═════ INFORMATION ═════
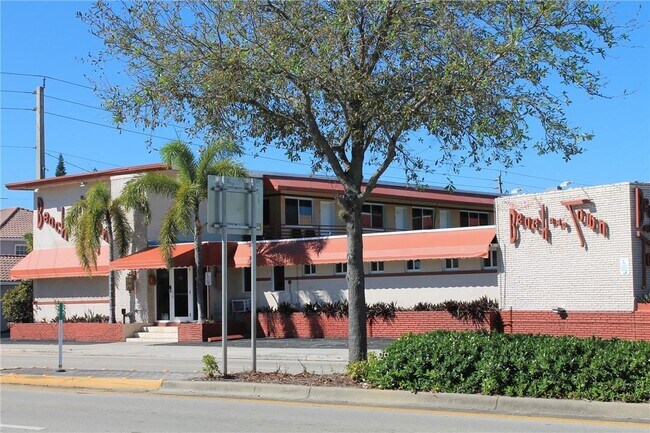 Building Photo - 1010 S Federal Hwy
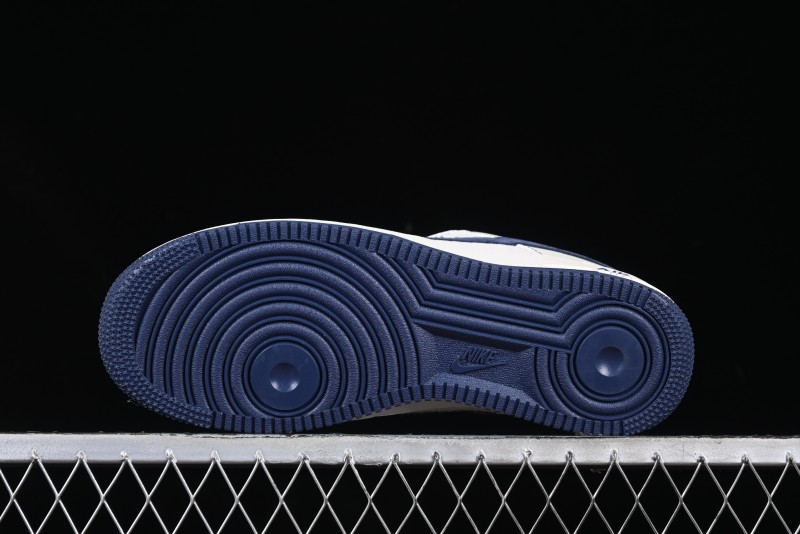 Nike Air Force 1 '07 Low Supreme Collaboration Sneakers with Red Tab and Blue Swoosh - BB7518-021
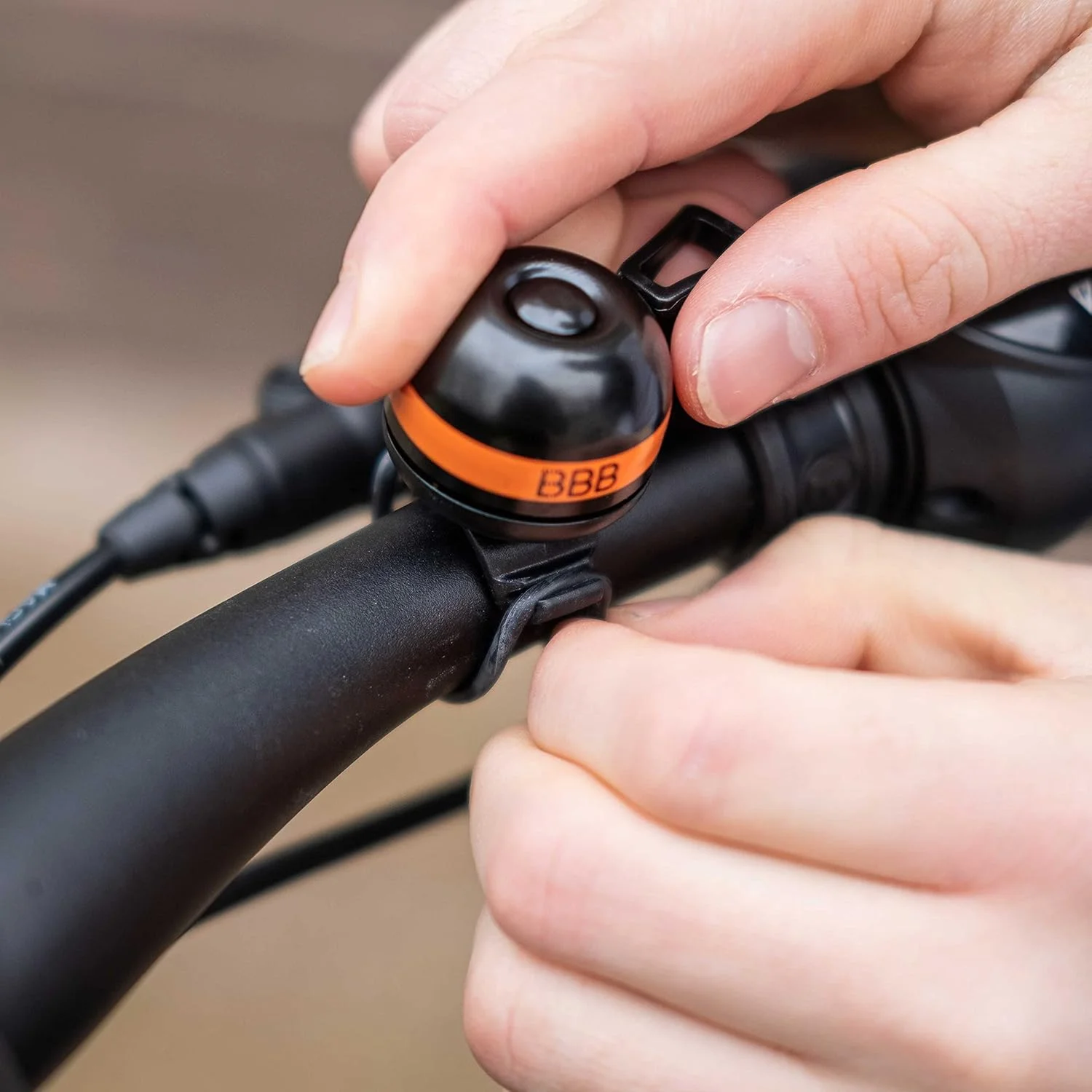 زنگ دوچرخه BBB Cycling مدل EasyFit Deluxe BBB-14 مناسب برای دوچرخه‌های کوهستانی، جاده و مسابقه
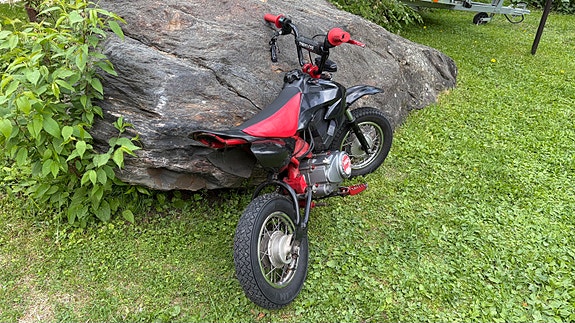 Product image 3 of 6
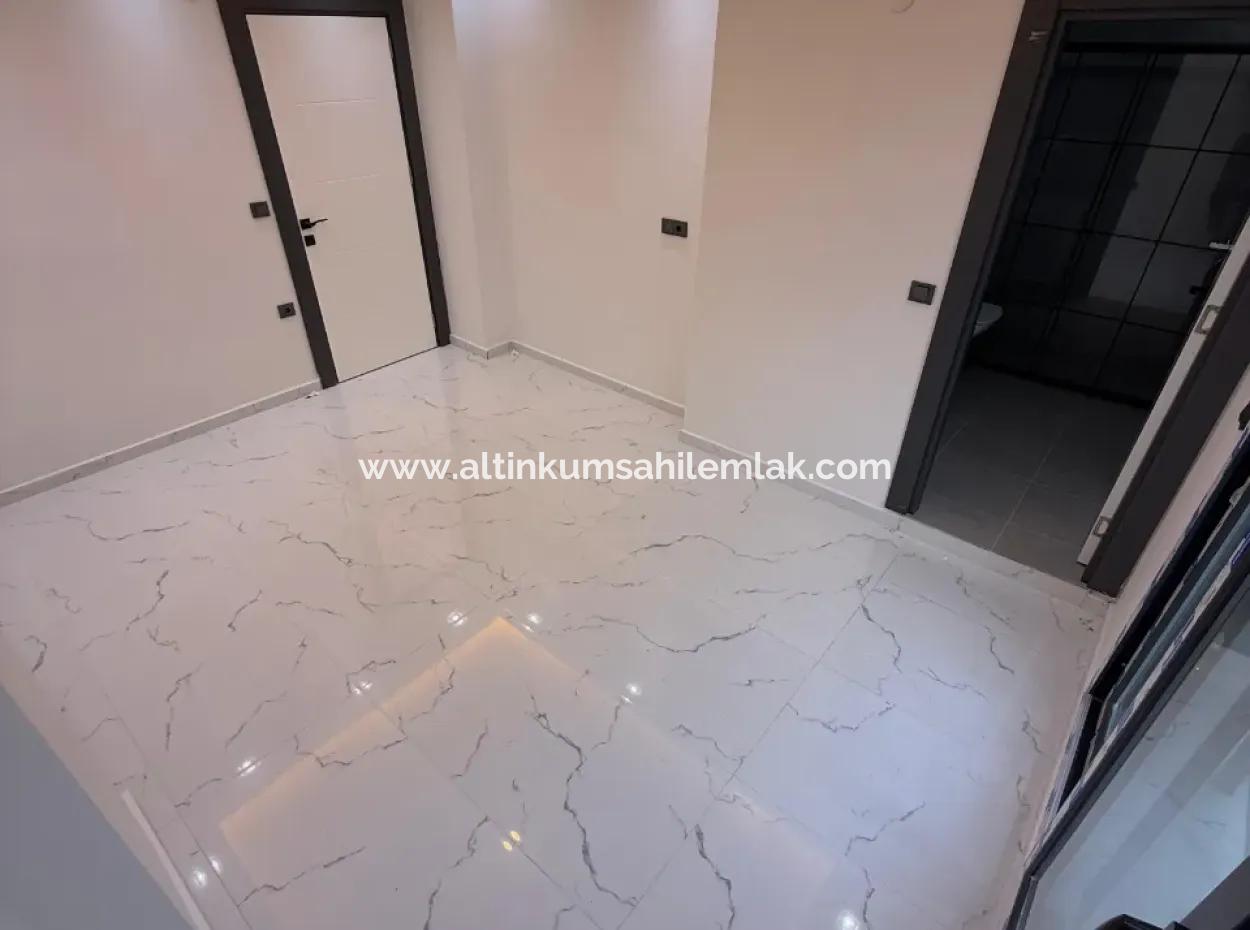 Didim Sağtur Bölgesinde Satılık 3+1 Denize 750 Mt Sıfır Villa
═════
WHAT THE TASK ASKS >> Please restate all of the listing above word for word, with no pictures.

EXERCISE SOLUTION >>
 Building Photo - 1010 S Federal Hwy
 Nike Air Force 1 '07 Low Supreme Collaboration Sneakers with Red Tab and Blue Swoosh - BB7518-021
 زنگ دوچرخه BBB Cycling مدل EasyFit Deluxe BBB-14 مناسب برای دوچرخه‌های کوهستانی، جاده و مسابقه
 Product image 3 of 6
 Didim Sağtur Bölgesinde Satılık 3+1 Denize 750 Mt Sıfır Villa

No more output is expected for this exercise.